Por Raphael Reis, secretário-geral adjunto da OAB Sergipe
A Constituição Federal é clara: o advogado é essencial à administração da justiça. Essa afirmação, inscrita no art. 133, não é um mero adorno retórico. Trata-se de uma garantia democrática de que a voz da defesa terá efetiva participação na formação das decisões judiciais.
Entretanto, a prática cotidiana revela um risco cada vez mais preocupante: o contraditório transformado em ritual protocolar, em que argumentos são formalmente recebidos, mas substancialmente ignorados. Quando isso ocorre, a atuação do advogado é reduzida a uma etapa burocrática, um passo a ser ultrapassado rumo a um resultado já prefigurado.
Esse esvaziamento não é inofensivo. Quando a palavra da defesa não encontra eco, não é apenas o advogado que perde espaço: é a própria justiça que se fragiliza. Não faltam exemplos recentes, inclusive em nosso estado, em que advertências reiteradas sobre a vulnerabilidade de uma custodiada não foram consideradas e o desfecho foi irreversível e trágico. Ignorar a advocacia, nesses contextos, é silenciar um alerta vital.

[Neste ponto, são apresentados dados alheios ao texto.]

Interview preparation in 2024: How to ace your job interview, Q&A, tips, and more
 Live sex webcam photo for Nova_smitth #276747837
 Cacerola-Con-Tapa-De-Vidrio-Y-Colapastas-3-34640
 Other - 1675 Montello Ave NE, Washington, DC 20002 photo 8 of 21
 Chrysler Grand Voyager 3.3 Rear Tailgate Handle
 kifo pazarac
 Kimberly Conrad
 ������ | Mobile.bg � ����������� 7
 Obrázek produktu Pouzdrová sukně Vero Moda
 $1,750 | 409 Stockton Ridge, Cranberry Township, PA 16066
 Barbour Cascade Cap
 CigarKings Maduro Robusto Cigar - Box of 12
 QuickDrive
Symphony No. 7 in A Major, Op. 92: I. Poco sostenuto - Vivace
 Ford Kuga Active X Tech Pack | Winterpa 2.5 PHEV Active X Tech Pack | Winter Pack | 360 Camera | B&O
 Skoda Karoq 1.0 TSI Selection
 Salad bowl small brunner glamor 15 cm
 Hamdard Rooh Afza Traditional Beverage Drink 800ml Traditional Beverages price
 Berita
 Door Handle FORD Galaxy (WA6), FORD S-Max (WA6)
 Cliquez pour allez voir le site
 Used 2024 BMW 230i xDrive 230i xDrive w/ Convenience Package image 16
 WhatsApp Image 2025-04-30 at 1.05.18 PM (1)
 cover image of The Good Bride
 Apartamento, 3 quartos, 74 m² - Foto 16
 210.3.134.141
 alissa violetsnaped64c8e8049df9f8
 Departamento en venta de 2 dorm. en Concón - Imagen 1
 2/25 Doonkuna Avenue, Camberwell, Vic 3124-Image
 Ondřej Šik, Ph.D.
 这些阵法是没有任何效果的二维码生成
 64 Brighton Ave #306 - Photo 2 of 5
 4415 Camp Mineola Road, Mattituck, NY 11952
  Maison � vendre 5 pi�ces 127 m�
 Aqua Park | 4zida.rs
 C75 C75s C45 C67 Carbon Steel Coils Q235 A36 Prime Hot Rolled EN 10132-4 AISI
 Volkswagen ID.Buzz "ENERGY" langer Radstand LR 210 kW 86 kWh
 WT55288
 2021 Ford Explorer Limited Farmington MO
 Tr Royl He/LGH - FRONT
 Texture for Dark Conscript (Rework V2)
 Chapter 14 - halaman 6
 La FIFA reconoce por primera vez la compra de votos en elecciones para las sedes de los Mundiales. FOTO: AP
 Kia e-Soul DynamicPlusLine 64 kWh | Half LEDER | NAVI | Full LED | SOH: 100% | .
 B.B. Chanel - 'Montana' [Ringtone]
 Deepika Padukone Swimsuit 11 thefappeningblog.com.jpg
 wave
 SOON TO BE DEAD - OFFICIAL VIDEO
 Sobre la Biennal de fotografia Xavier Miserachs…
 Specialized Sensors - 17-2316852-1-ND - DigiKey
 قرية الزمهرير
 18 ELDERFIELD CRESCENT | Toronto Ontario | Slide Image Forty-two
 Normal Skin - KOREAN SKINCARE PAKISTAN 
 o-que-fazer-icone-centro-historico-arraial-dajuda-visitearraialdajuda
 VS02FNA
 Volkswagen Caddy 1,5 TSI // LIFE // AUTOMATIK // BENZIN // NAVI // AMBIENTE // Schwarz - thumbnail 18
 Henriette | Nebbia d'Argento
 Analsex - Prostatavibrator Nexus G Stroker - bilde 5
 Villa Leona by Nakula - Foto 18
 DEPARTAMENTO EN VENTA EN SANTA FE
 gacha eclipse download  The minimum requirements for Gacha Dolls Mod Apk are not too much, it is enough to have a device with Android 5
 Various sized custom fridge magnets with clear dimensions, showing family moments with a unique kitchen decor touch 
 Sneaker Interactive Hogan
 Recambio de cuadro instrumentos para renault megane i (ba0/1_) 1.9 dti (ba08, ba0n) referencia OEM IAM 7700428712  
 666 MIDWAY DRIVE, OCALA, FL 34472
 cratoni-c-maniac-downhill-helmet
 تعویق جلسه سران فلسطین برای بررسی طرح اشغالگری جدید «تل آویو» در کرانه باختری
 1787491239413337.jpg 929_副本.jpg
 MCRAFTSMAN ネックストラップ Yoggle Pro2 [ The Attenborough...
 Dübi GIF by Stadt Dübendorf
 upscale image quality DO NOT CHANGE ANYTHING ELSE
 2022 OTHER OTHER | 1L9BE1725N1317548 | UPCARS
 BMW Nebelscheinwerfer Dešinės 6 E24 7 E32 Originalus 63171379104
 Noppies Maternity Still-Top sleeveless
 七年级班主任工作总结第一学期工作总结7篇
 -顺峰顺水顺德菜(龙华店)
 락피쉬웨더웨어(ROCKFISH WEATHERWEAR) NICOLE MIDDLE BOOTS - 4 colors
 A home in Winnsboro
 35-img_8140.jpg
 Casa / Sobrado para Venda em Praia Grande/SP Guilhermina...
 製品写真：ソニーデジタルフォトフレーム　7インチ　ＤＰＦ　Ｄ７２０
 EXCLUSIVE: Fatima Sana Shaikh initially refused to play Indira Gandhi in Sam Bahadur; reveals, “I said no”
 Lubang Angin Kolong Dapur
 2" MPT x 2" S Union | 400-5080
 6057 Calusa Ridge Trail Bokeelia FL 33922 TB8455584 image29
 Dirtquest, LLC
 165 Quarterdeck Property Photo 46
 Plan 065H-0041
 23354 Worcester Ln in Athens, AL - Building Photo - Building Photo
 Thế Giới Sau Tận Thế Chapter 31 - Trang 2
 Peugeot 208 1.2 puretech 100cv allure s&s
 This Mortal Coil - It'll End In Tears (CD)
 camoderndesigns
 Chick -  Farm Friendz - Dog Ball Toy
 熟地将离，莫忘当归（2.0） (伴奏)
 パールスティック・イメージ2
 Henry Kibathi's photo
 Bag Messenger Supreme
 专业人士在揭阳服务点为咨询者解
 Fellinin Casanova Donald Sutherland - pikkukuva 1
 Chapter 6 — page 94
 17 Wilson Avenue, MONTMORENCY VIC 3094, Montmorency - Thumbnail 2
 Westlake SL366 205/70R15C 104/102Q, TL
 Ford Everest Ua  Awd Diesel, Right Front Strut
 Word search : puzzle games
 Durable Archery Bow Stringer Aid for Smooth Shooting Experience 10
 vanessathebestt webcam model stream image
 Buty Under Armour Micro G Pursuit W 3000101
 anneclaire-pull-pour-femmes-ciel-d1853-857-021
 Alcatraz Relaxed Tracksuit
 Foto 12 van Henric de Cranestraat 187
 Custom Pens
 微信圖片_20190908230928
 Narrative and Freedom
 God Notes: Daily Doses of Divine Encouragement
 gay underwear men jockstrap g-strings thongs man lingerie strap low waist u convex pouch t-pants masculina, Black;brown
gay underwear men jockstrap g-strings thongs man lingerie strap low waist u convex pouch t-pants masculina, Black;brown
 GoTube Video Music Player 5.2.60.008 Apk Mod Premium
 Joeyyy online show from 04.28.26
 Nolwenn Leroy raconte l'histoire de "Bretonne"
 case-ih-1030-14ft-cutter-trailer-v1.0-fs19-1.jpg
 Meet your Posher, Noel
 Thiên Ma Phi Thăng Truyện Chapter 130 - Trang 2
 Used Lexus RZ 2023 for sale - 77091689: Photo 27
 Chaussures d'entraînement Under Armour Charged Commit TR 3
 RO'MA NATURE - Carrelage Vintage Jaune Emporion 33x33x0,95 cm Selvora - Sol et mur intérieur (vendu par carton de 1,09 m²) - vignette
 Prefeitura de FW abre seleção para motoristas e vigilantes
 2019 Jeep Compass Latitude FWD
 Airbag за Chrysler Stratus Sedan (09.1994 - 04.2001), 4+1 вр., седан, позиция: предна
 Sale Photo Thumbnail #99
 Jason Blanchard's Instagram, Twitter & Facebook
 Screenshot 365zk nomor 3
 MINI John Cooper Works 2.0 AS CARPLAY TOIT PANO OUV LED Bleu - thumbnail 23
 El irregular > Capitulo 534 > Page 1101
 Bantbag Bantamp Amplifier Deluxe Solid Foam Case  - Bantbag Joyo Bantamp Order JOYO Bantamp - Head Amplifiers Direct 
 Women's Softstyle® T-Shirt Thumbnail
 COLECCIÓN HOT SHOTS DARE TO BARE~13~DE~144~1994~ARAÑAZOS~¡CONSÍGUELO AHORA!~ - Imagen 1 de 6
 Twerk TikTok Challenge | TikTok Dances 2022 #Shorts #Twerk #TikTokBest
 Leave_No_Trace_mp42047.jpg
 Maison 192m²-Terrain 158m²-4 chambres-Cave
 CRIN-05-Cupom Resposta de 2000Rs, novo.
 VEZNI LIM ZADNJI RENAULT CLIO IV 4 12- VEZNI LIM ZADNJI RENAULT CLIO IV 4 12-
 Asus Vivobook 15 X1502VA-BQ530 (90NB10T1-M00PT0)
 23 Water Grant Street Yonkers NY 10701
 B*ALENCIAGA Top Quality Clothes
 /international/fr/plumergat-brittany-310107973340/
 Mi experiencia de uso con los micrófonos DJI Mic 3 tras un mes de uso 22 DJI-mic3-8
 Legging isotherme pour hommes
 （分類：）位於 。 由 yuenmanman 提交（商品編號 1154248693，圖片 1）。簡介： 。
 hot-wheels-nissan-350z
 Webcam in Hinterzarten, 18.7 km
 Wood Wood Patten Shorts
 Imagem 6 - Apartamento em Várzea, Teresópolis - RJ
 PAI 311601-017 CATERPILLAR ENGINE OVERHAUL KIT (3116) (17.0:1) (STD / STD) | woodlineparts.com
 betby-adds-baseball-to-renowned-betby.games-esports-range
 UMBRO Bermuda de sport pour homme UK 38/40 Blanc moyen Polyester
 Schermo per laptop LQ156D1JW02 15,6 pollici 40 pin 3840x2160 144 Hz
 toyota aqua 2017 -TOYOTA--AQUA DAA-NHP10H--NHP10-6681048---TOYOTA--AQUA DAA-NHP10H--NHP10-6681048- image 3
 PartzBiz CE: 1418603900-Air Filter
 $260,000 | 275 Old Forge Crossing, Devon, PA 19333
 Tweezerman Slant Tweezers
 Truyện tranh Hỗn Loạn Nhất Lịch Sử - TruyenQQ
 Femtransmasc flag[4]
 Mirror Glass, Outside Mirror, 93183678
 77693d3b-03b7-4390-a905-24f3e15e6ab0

Essa tendência de “automatizar” o processo guarda inquietante semelhança com os dilemas da inteligência artificial. Em A Próxima Onda, Mustafa Suleyman — um dos cofundadores da DeepMind, uma das empresas mais importantes no desenvolvimento de inteligência artificial — alerta para os riscos de sistemas autônomos, velozes e frios substituírem a deliberação humana. Se a justiça, em nome da celeridade, abdica de escutar com atenção os argumentos da defesa, transforma-se numa máquina igualmente artificial: célere na forma, mas carente de substância.
É exatamente aqui que a essencialidade do advogado precisa ser reafirmada. O processo não pode ser engrenagem de execução automática; deve ser espaço real de debate, onde a defesa influencia o curso da decisão e garante legitimidade à jurisdição. Só assim o contraditório deixa de ser um simulacro para se tornar instrumento de efetiva justiça.
Preservar o papel do advogado é preservar a humanidade do julgamento. É garantir que, diante da tentação de uma inteligência artificializada — seja nos algoritmos, seja incessante busca por celeridade —, prevaleça a escuta do argumento, da razão e, sobretudo, da dignidade humana.